Kobzol · web-flow · commit 46e9f0b971dd · 2024-06-13T22:44:08.000+02:00
Add a link to CI documentation in rustc-dev-guide
diff --git a/src/infra/docs/rustc-ci.md b/src/infra/docs/rustc-ci.md
@@ -1,276 +1,8 @@
 # How the Rust CI works
 
-Rust CI ensures that the master branch of rust-lang/rust is always in a valid state.
+Continuous integration (CI) workflows on the `rust-lang/rust` repository ensure that the `master` branch
+is always in a valid state.
 
-A developer submitting a pull request to rust-lang/rust, experiences the following:
+The CI infrastructure is described in detail in the [rustc-dev-guide][rustc-dev-guide].
 
-- A small subset of tests and checks are run on each commit to catch common errors.
-- When the PR is ready and approved, the "bors" tool enqueues a full CI run.
-- The full run either queues the specific PR or the PR is "rolled up" with other changes.
-- Eventually a CI run containing the changes from the PR is performed and either passes or fails with an error the developer must address.
-
-## Which jobs we run
-
-The `rust-lang/rust` repository uses GitHub Actions to test [all the
-platforms][platforms] we support.
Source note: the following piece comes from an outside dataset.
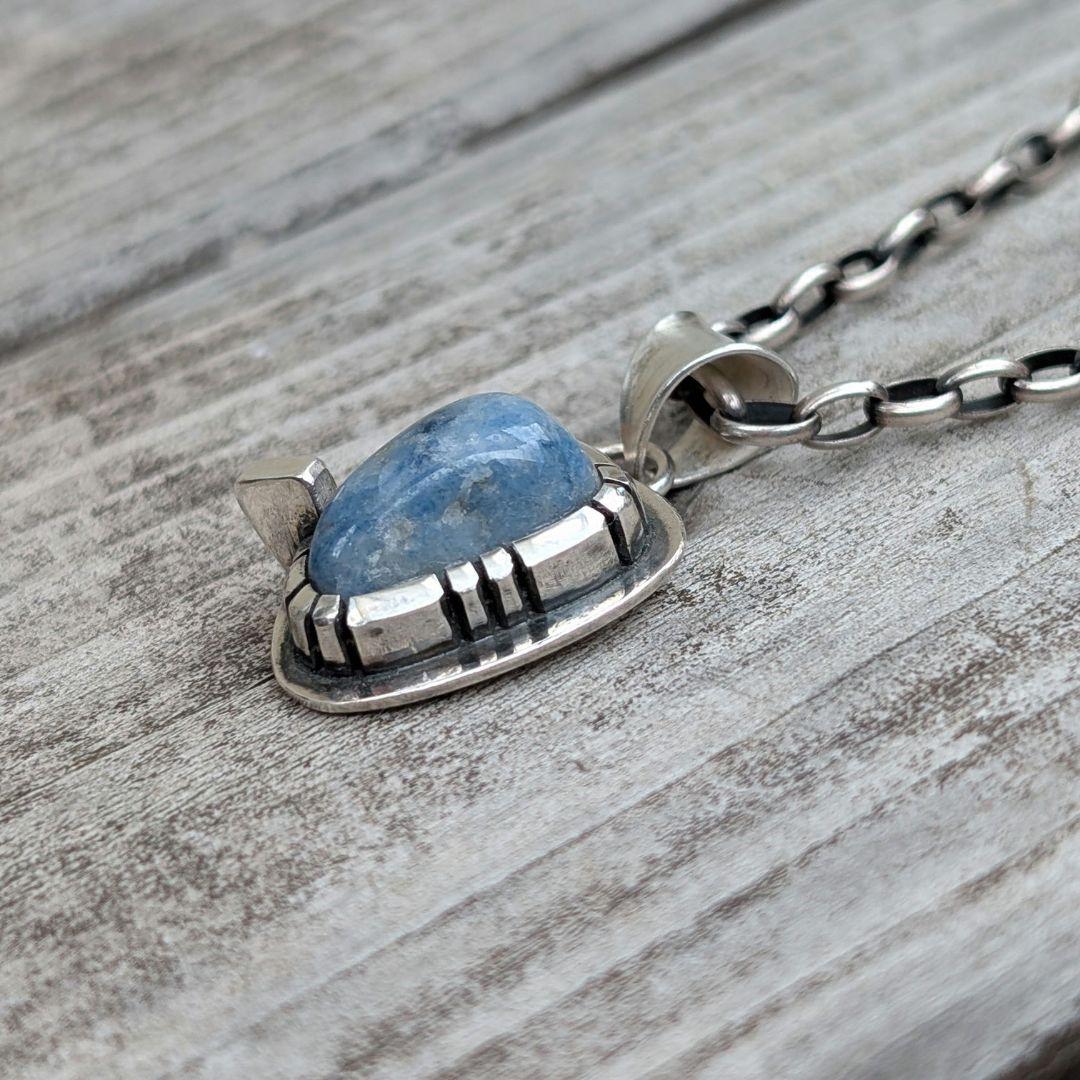 ハンドメイドの入りコン沢翡翠トップ　インディアンジュエリー風　オールハンドメイド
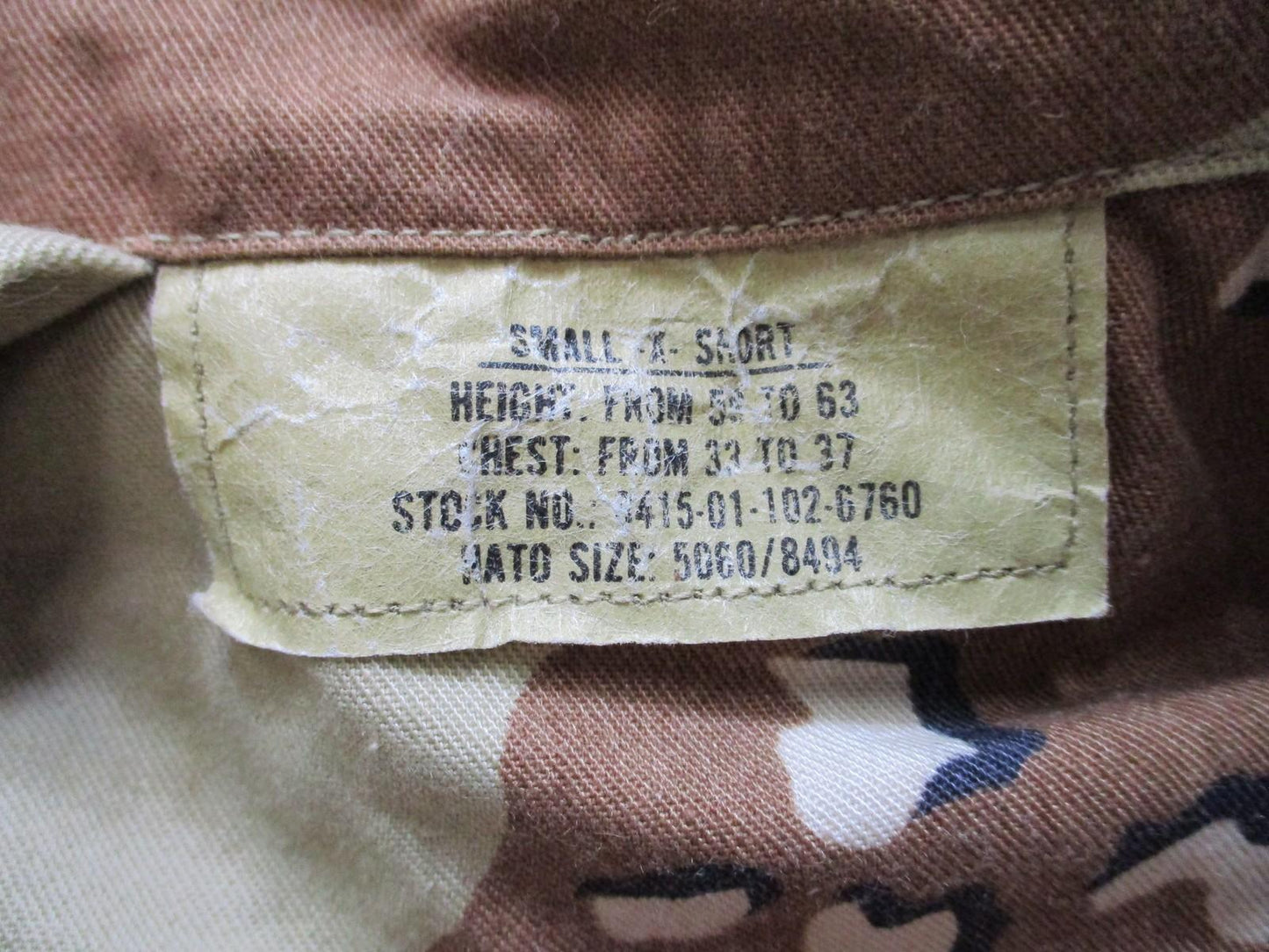 US Army Desert Combat Coat Jacket Choc Chip Hell on Wheels Patch Small-X Short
We currently have two kinds of jobs running
-for each commit we want to merge to master:
-
-- Dist jobs build a full release of the compiler for that platform, including
-  all the tools we ship through rustup; Those builds are then uploaded to the
-  `rust-lang-ci2` S3 bucket and are available to be locally installed with the
-  [rustup-toolchain-install-master] tool; The same builds are also used for
-  actual releases: our release process basically consists of copying those
-  artifacts from `rust-lang-ci2` to the production endpoint and signing them.
-- Non-dist jobs run our full test suite on the platform, and the test suite of
-  all the tools we ship through rustup; The amount of stuff we test depends on
-  the platform (for example some tests are run only on Tier 1 platforms), and
-  some quicker platforms are grouped together on the same builder to avoid
-  wasting CI resources.
-
-All the builds except those on macOS and Windows are executed inside that
-platform’s custom [Docker container]. This has a lot of advantages for us:
-
-- The build environment is consistent regardless of the changes of the
-  underlying image (switching from the trusty image to xenial was painless for
-  us).
-- We can use ancient build environments to ensure maximum binary compatibility,
-  for example [using older CentOS releases][dist-x86_64-linux] on our Linux builders.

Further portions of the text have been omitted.